● Dataset records
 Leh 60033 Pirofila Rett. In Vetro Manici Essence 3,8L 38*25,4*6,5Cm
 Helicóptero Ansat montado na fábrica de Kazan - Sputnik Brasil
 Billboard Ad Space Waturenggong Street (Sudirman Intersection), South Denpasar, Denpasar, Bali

--

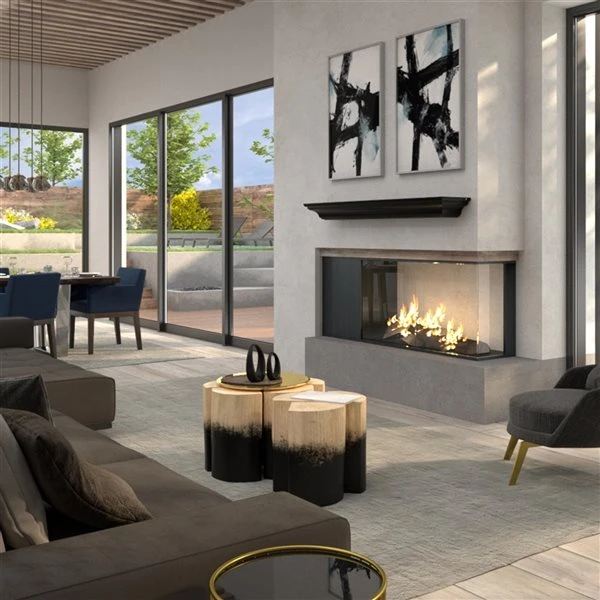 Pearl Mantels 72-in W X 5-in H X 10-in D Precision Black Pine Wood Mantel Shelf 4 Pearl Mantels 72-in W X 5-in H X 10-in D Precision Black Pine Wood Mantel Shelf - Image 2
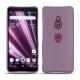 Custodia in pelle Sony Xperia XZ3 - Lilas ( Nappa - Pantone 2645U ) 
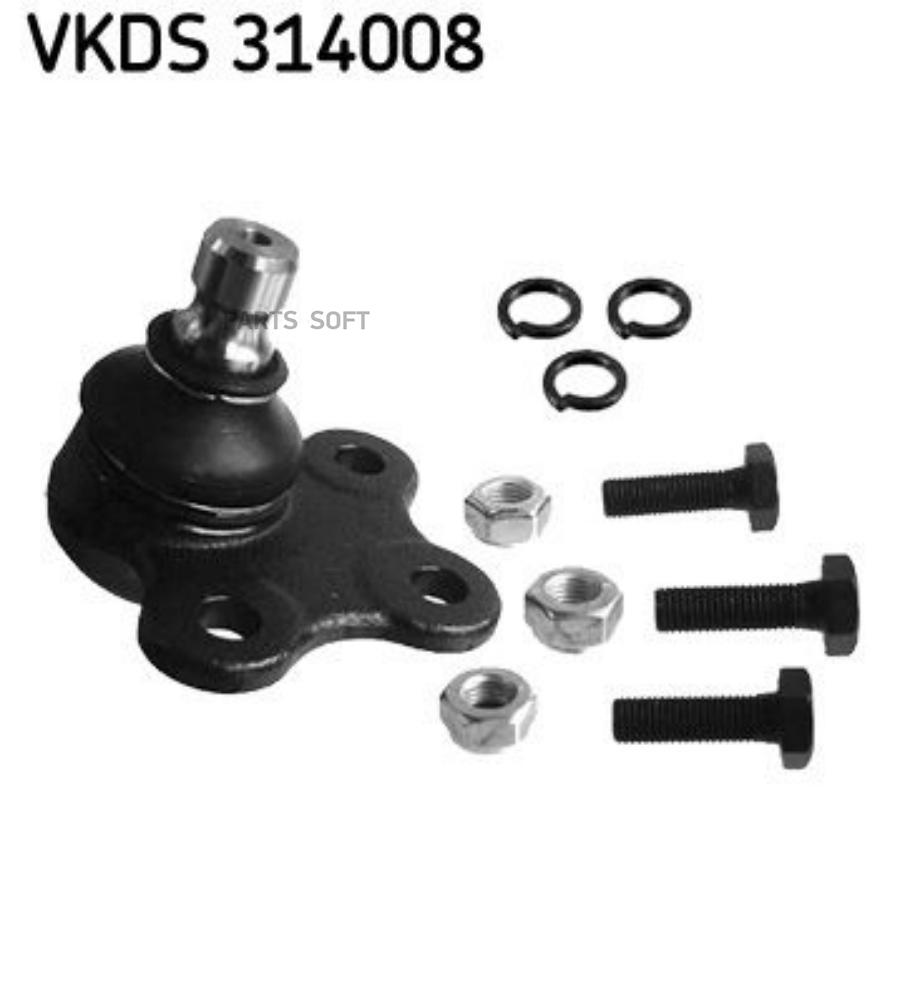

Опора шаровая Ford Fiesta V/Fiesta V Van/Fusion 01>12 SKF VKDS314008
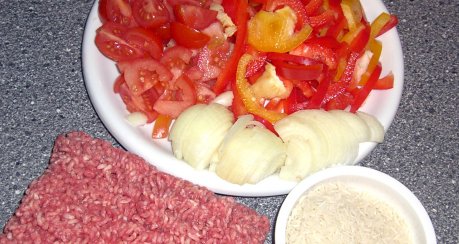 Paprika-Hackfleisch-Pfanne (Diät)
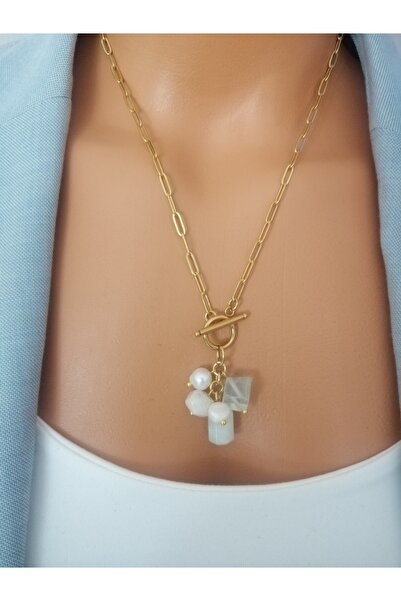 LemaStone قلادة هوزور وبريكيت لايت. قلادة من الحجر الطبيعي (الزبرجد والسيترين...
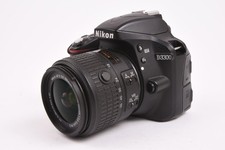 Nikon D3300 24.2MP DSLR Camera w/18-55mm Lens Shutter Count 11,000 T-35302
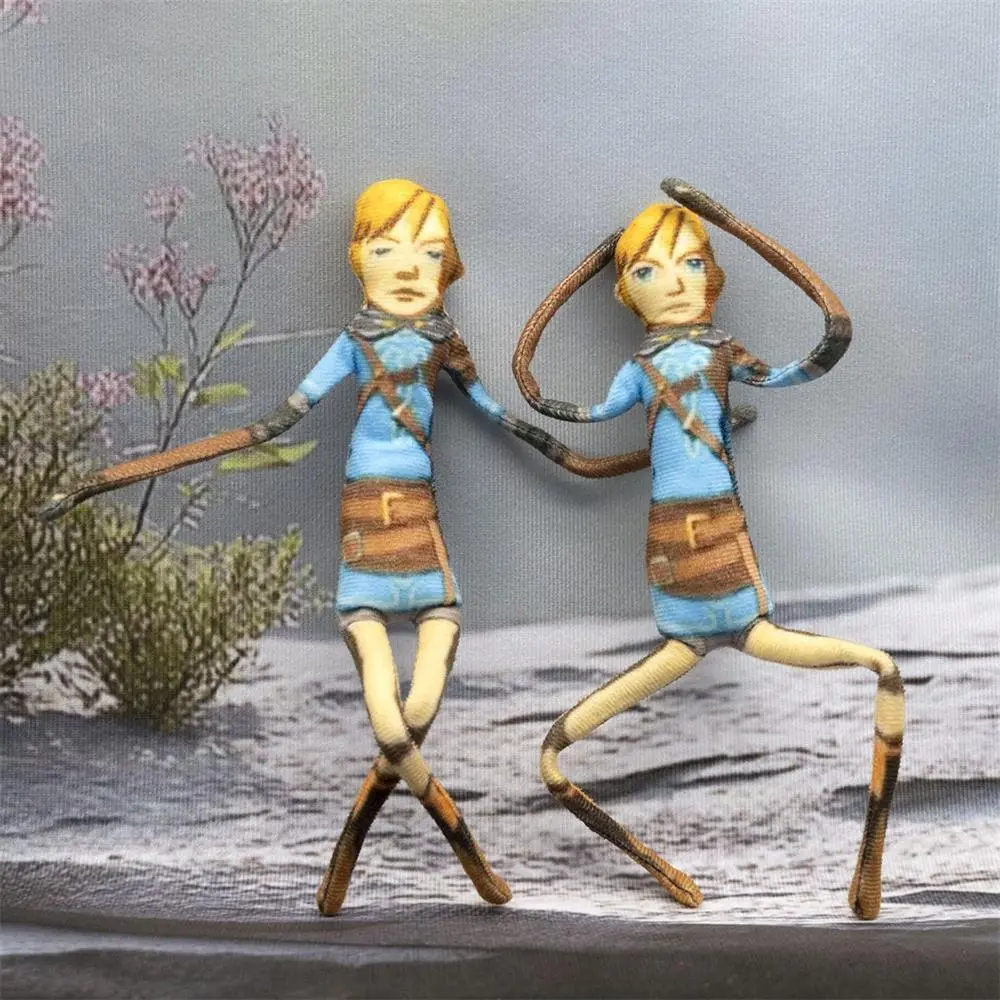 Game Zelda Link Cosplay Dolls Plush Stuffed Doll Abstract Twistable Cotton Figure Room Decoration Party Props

● Assignment
Extract the lines of the preceding material that run from the line with "Leh 60033 Pirofila" through the line with "Billboard Ad Space", inclusive, reproducing them exactly and adding nothing.

● Problem solution
 Leh 60033 Pirofila Rett. In Vetro Manici Essence 3,8L 38*25,4*6,5Cm
 Helicóptero Ansat montado na fábrica de Kazan - Sputnik Brasil
 Billboard Ad Space Waturenggong Street (Sudirman Intersection), South Denpasar, Denpasar, Bali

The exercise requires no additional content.